IV. ARRESTATION ET DETENTION DE REPRESENTANTS
25. Dans un certain nombre de zones d'opérations, la pratique qui consiste à arrêter et à détenir des membres du personnel se perpétue. Il est parfois impossible de communiquer avec ces personnes pendant des périodes plus ou moins longues. Dans un cas précis, il n'est toujours pas possible de rendre visite à l'intéressé bien qu'il soit détenu depuis le 18 avril 1998 sans être inculpé. En fait, le HCR a été informé le 25 avril 1998 que l'employé en question avait été blanchi de « toute allégation » et serait mis en liberté prochainement. A ce jour, malgré les assurances données à plusieurs reprises concernant sa libération imminente et des interventions au plus haut niveau, il est toujours en détention.
26. Le CAC a examiné les aspects juridiques de la sûreté du personnel et a porté la question devant les conseillers juridiques du système des Nations Unies. Ces derniers se sont réunis à Washington en janvier 1998. Le CAC a fait siennes les conclusions auxquelles ils sont parvenus et les a priés de continuer à examiner le lien entre sûreté des membres du personnel et protection juridique au titre des différents instruments relatifs aux privilèges et immunités.
V. SECURITE ET SURETE DU PERSONNEL DANS LE FUTUR
27. Lorsqu'on examine les conditions de sécurité et de sûreté dans les zones d'opérations du HCR, en particulier dans les zones très exposées comme celles où est appliquée la politique d'assurance contre les actes de malveillance, il n'y a apparemment guère de raisons d'espérer une amélioration rapide de la situation sur le terrain.
28. Dans un grand nombre de lieux, le personnel des organisations humanitaires travaille dans des circonstances et des conditions dans lesquelles les responsables de l'armée ou de la police hésiteraient à déployer des effectifs. Le courage dont les membres du personnel humanitaire font preuve sans relâche n'est plus à démontrer.

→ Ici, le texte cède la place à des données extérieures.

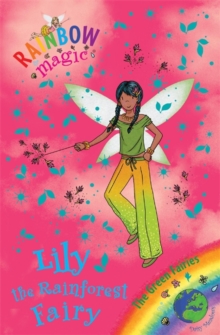 Lily the Rainforest Fairy : The Green Fairies Book 5, Paperback Book Lily the Rainforest Fairy : The Green Fairies Book 5, Paperback Book
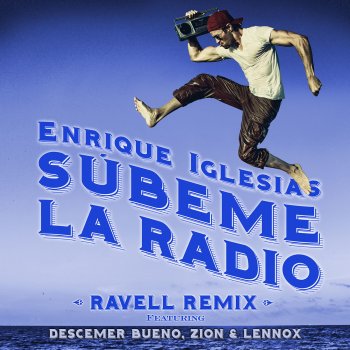 Enrique Iglesias feat. Descemer Bueno & Zion & Lennox SÚBEME LA RADIO (Ravell Remix)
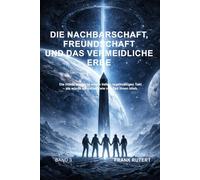Die Nachbarschaft, Freundschaft und das vermeidliche Erbe - Band 3 -: „Sechs müssen es sein. Einer fehlt. Einer ist gebunden. Einer ist verloren.“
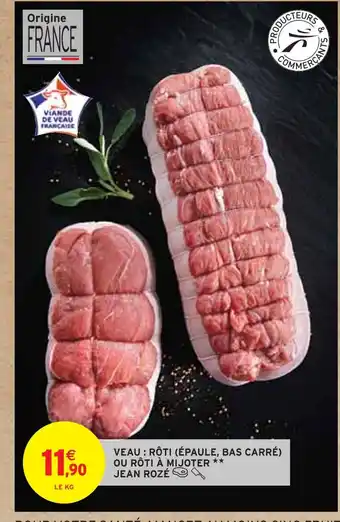 Intermarché Veau : rôti (épaule, bas carré) ou rôti à mijoter offre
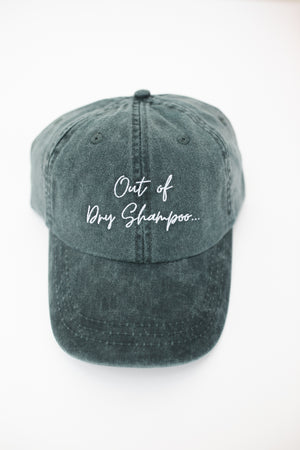 Out of Dry Shampoo Ball Cap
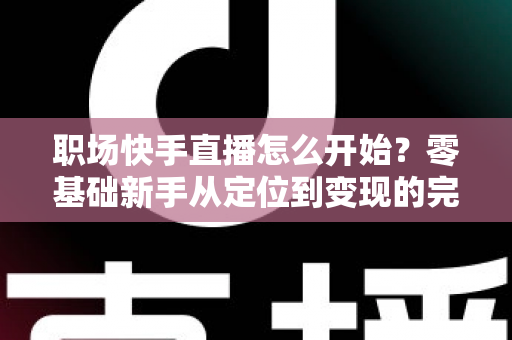 职场快手直播怎么开始?零基础新手从定位到变现的完整实战指南 职场快手直播怎么开始?零基础新手从定位到变现的完整实战指南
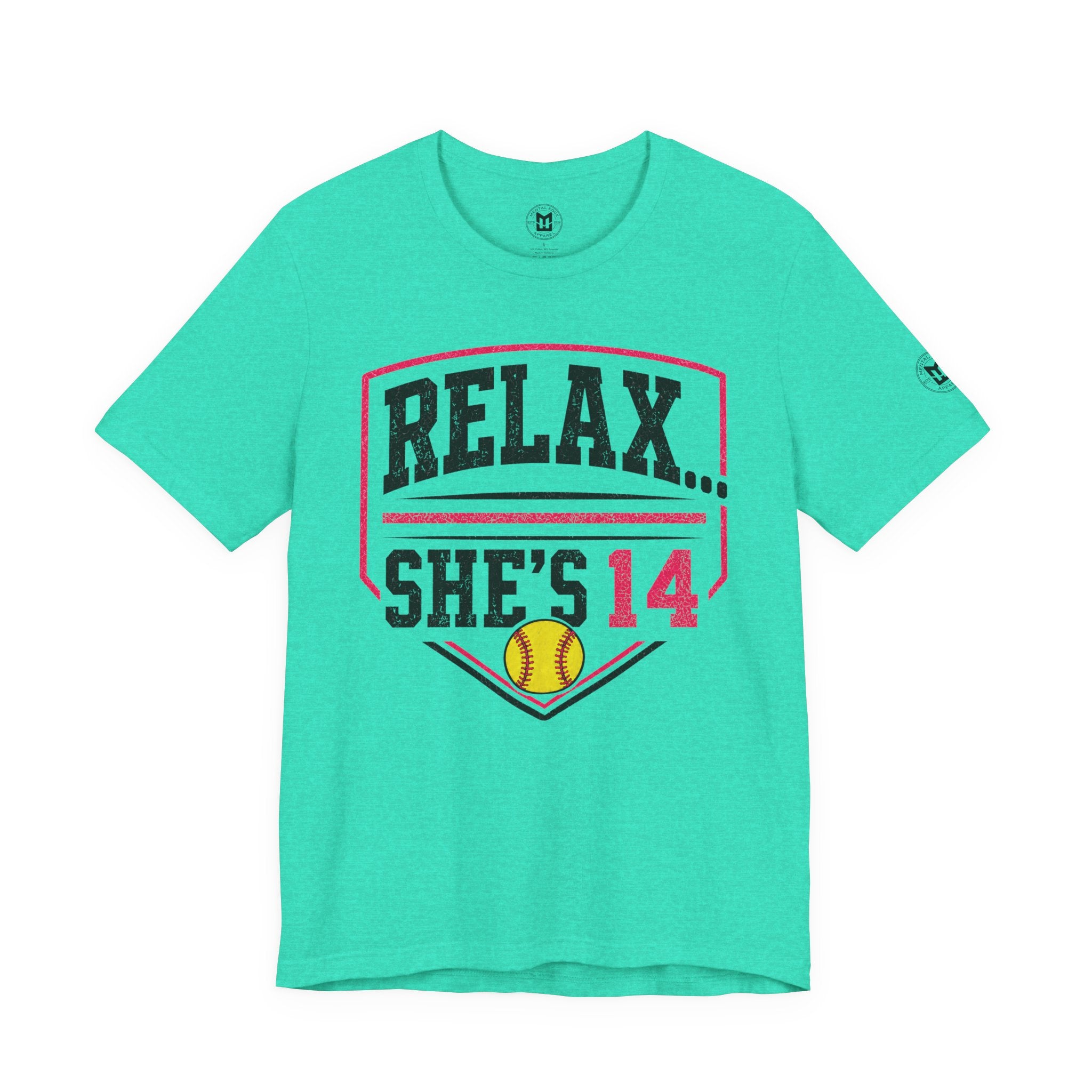 Relax... She's 14 Softball Parents T‑Shirt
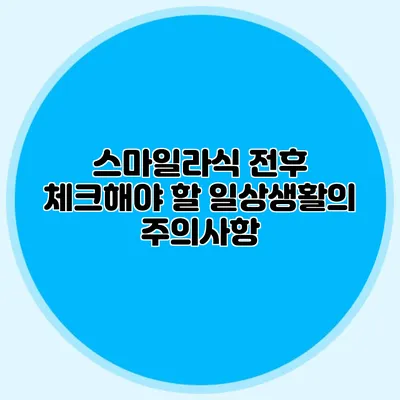 스마일라식 전후 체크해야 할 일상생활의 주의사항
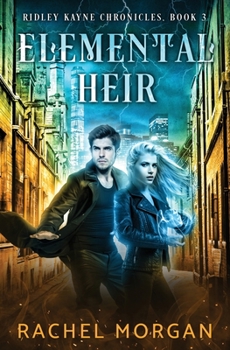 Elemental Heir - Book #3 of the Ridley Kayne Chronicles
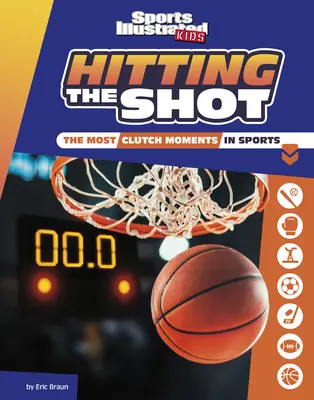 A lövés eltalálása: A sport legszorítóbb pillanatai - Hitting the Shot: The Most Clutch Moments in Sports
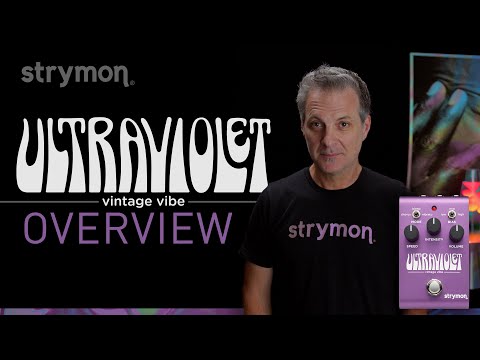 STRYMON UltraViolet Vintage Vibe - Chorus / Vibrato / Univibe image 3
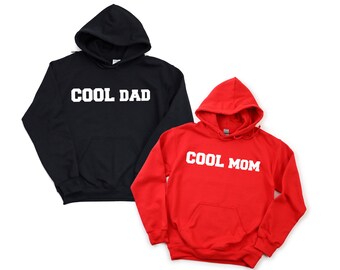 Cool Mom Sweatshirt Cool Dad Hoodie 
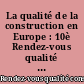 La qualité de la construction en Europe : 10è Rendez-vous qualité construction [19 juin 2008] : Actes du colloque : [Compte rendu des tables rondes]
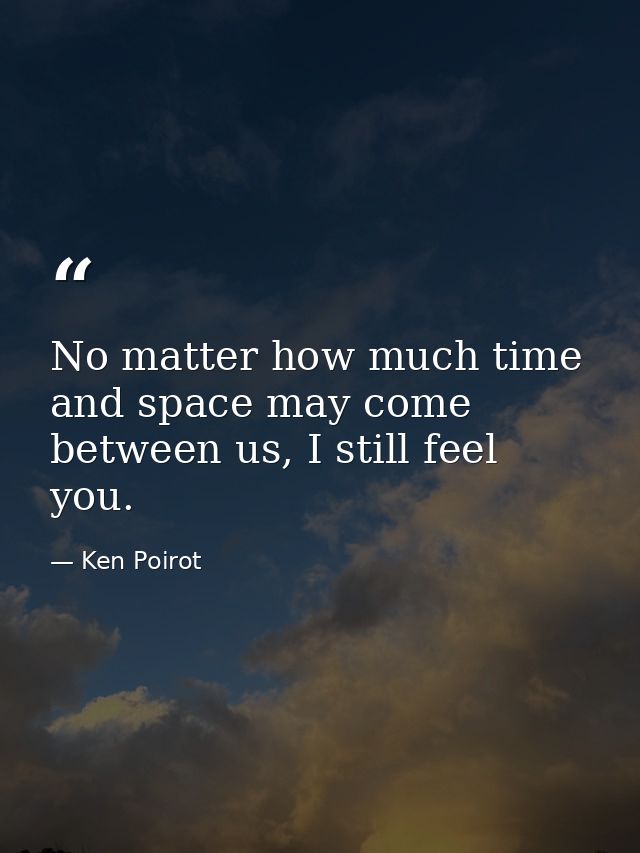 No matter how much time and space may come between us, I still feel you. — Ken Poirot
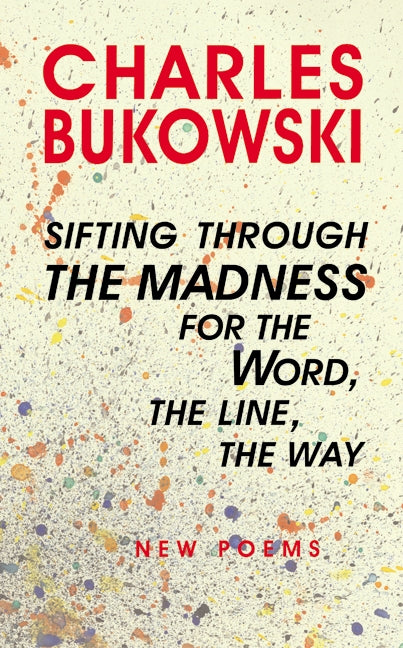 sifting through the madness for the Word, the line, the way: new poems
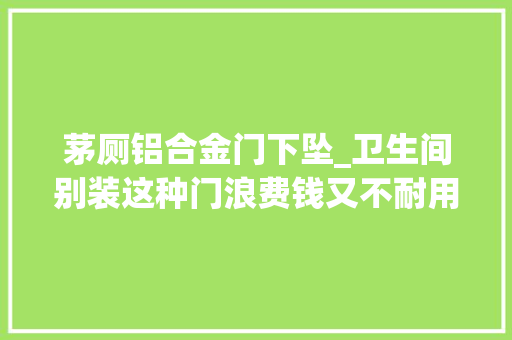 茅厕铝合金门下坠_卫生间别装这种门浪费钱又不耐用后悔没早点知道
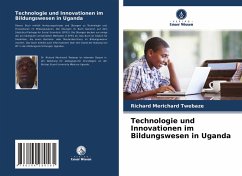 Technologie und Innovationen im Bildungswesen in Uganda - Twebaze, Richard Merichard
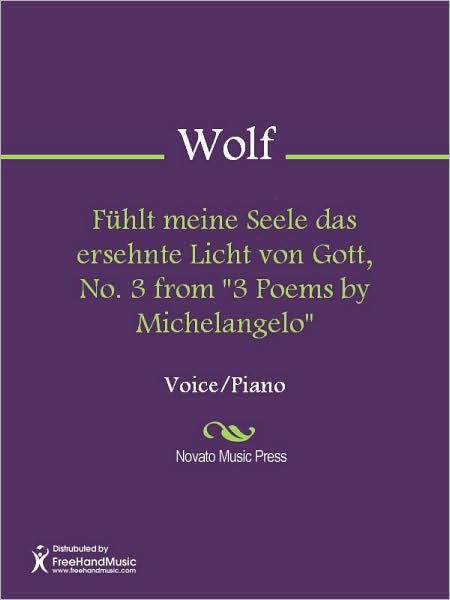 Fuhlt meine Seele das ersehnte Licht von Gott, No. 3 from "3 Poems by Michelangelo"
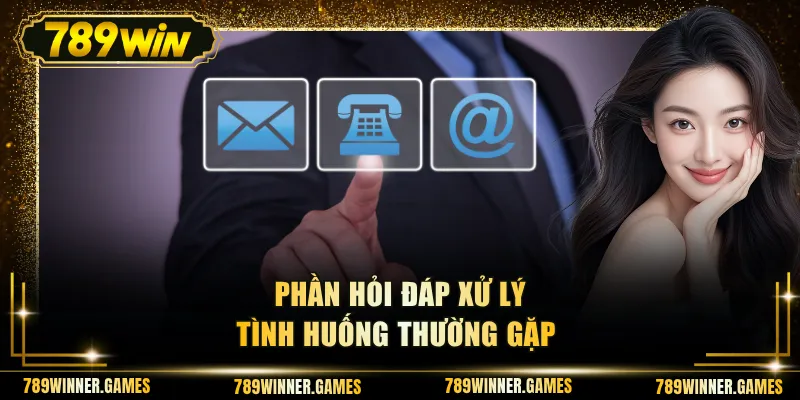 Phần hỏi đáp xử lý tình huống thường gặp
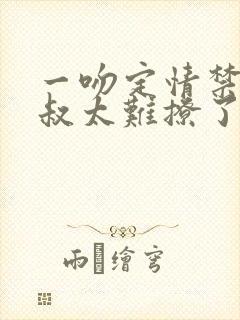 一吻定情禁欲小叔太难撩了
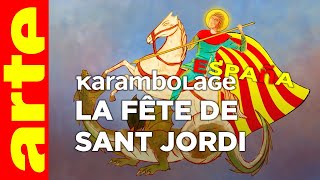 La fête de Sant Jordi - Karambolage España - ARTE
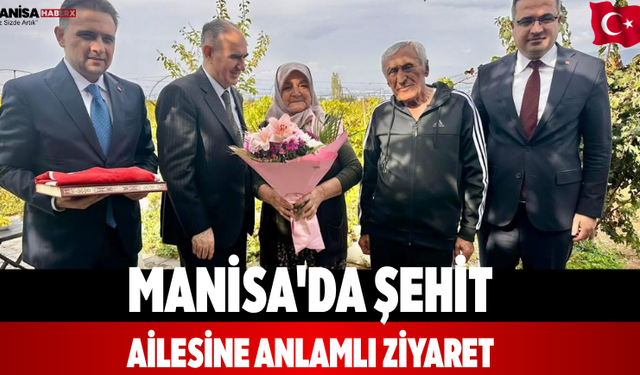 Manisa'da Şehit ailesine anlamlı ziyaret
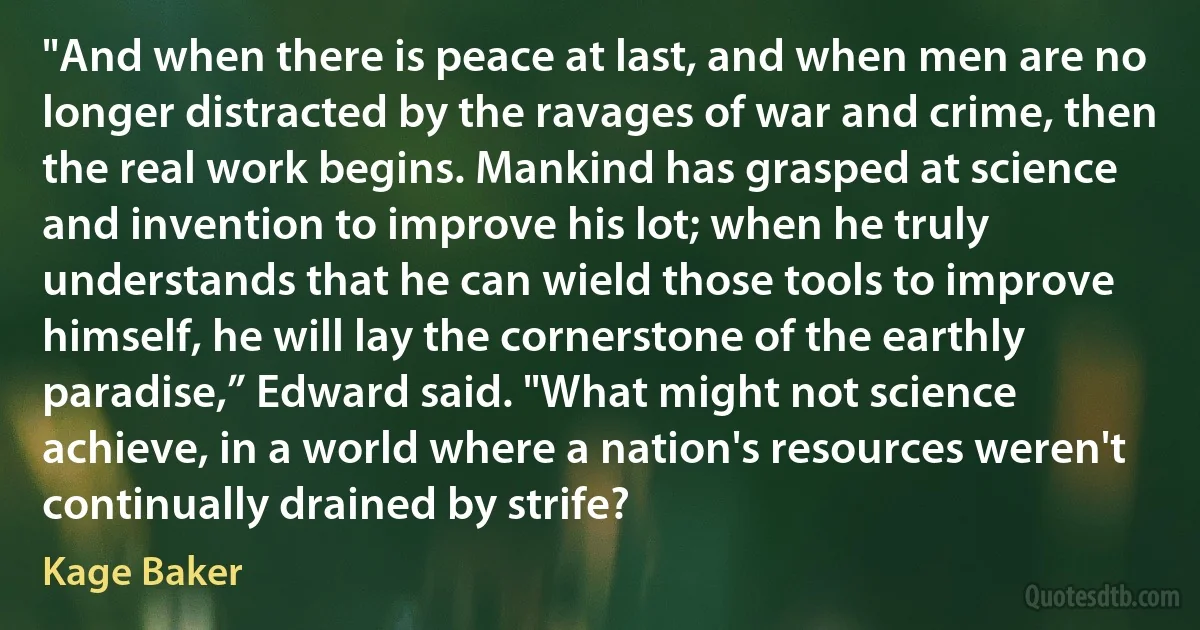 "And when there is peace at last, and when men are no longer distracted by the ravages of war and crime, then the real work begins. Mankind has grasped at science and invention to improve his lot; when he truly understands that he can wield those tools to improve himself, he will lay the cornerstone of the earthly paradise,” Edward said. "What might not science achieve, in a world where a nation's resources weren't continually drained by strife? (Kage Baker)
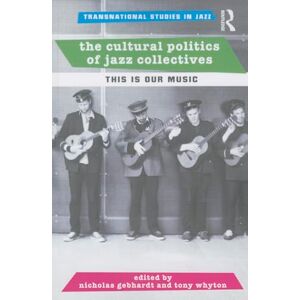 The Cultural Politics of Jazz Collectives: This Is Our Music (Transnational Studies in Jazz) The Cultural Politics of Jazz Collectives: This Is Our Music (Transnational Studies in Jazz)
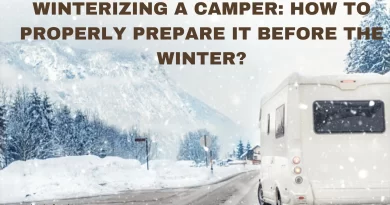 Winterizing a camper: how to properly prepare it before the winter?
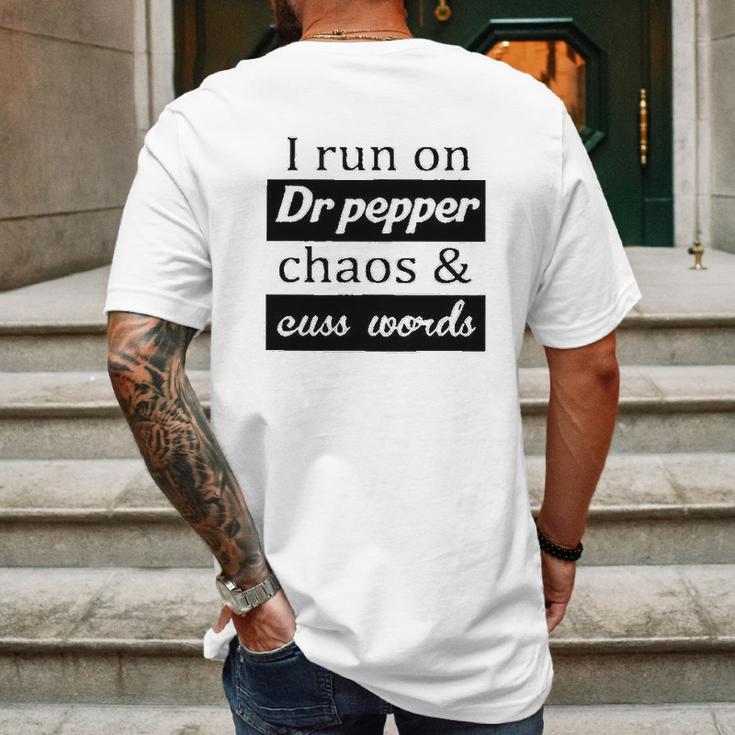 I Run On Dr Pepper Chaos And Cuss Words Mens Back Print T-shirt Gifts for Men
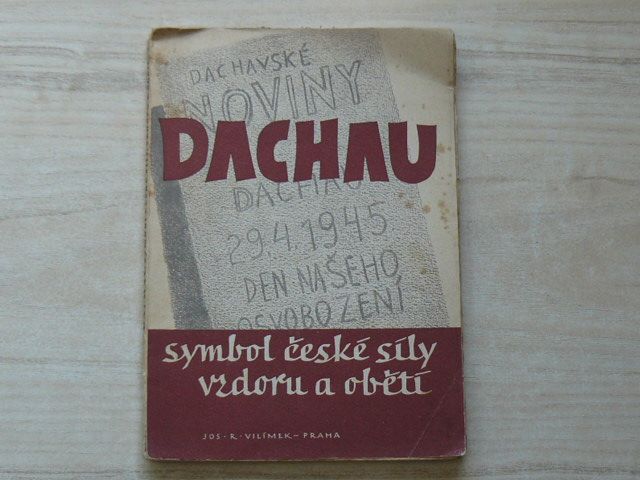 Novinářský dokument českých politických vězňů z doby od 29. dubna do 21. května 1945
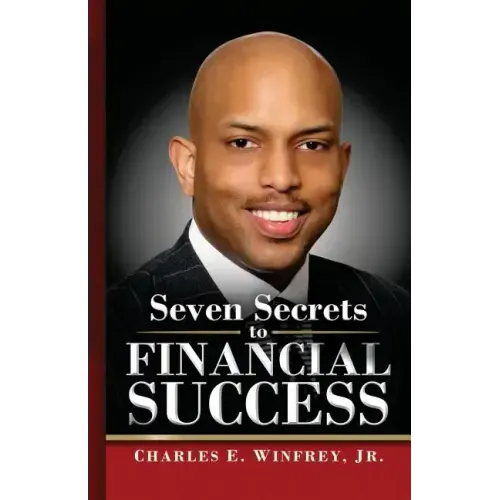 Seven Secrets to Financial Success: A Practical Guide to Creating, Accumulating and Preserving Your Wealth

Ils n'abandonnent que très rarement leur poste, et uniquement lorsque les conditions sur le terrain sont devenues absolument intolérables. Si l'on veut garantir dans toute la mesure du possible la sécurité de ces personnes courageuses, il faut utiliser pleinement et sans attendre tous les moyens susceptibles d'y contribuer : allocation de fonds, application des instruments juridiques, activités de formation, mise à disposition de tous les équipements nécessaires, activités de sensibilisation à tous les niveaux, mise au point et application de techniques de maîtrise des tensions, augmentation des niveaux d'effectifs, amélioration de la coopération interorganisations, etc.
29. Le Bureau du Coordonnateur des Nations Unies pour les mesures de sécurité a toujours fait montre des qualités d'encadrement et de professionnalisme nécessaires pour gérer les nombreuses crises qui ont éclaté dans le passé. Il convient de saluer son taux de réussite, qui est exceptionnel. Le HCR considère qu'il est capital de renforcer son rôle pour assurer dans le futur la sécurité et la sûreté du personnel des Nations Unies. Les compétences et la capacité de coordination dudit Bureau, l'utilisation optimale des moyens mentionnés précédemment et la mise au point d'un ensemble de normes opérationnelles minima en matière de sécurité devraient permettre de gérer efficacement les risques inhérents à l'octroi d'une aide humanitaire.